▶ _WHAT YOU SHOULD DO_:
Each line below should be retyped exactly, with no pictures.

▶ _DATASET EXTRACT_:
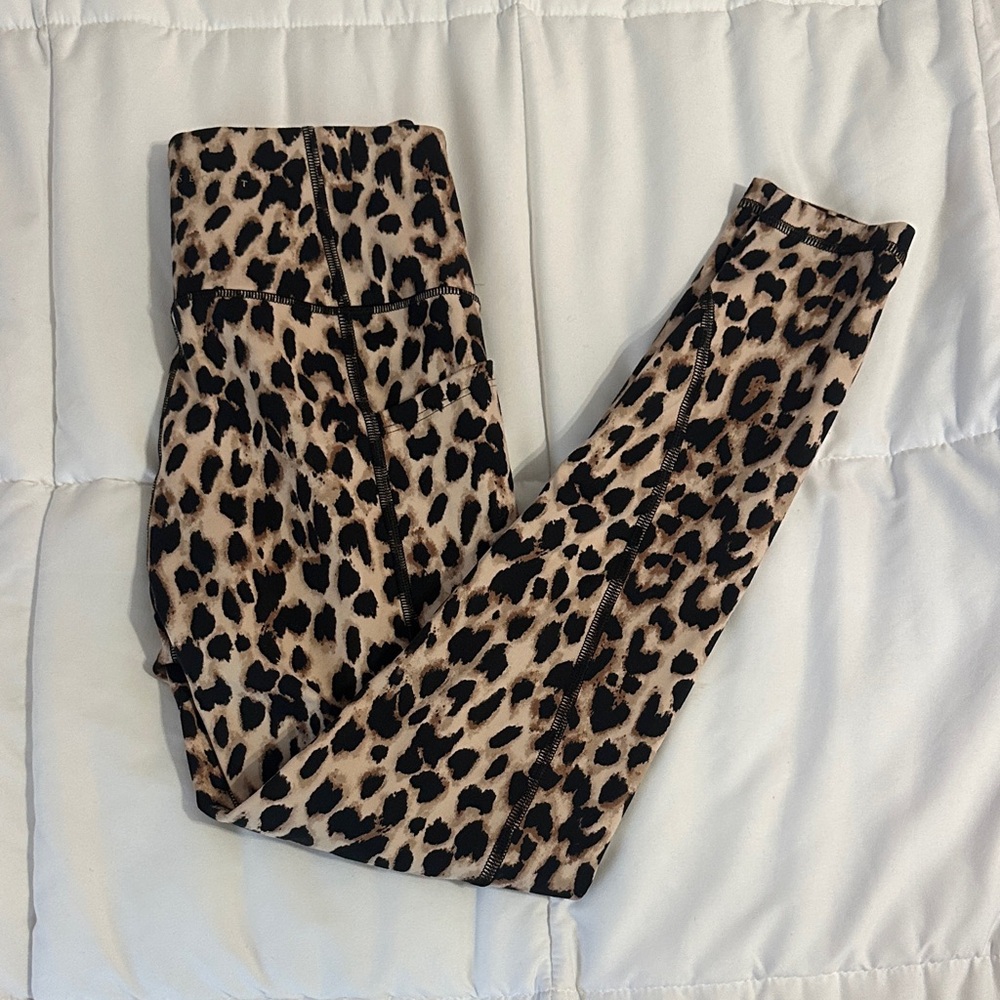 Victoria's Secret Leopard Print Leggings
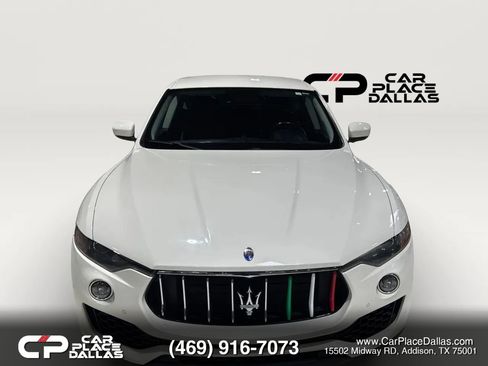 Used 2017 Maserati Levante AWD/4WD image 3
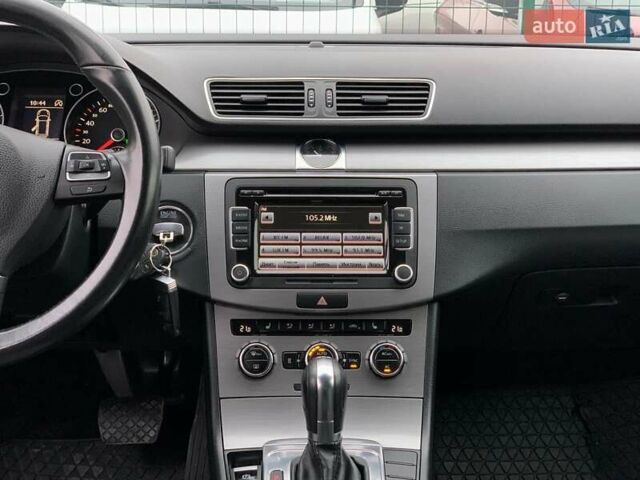 Серый Фольксваген Пассат, объемом двигателя 2 л и пробегом 258 тыс. км за 10955 $, фото 56 на Automoto.ua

▶ _SOLVED EXERCISE_:
 Victoria's Secret Leopard Print Leggings
 Used 2017 Maserati Levante AWD/4WD image 3
 Серый Фольксваген Пассат, объемом двигателя 2 л и пробегом 258 тыс. км за 10955 $, фото 56 на Automoto.ua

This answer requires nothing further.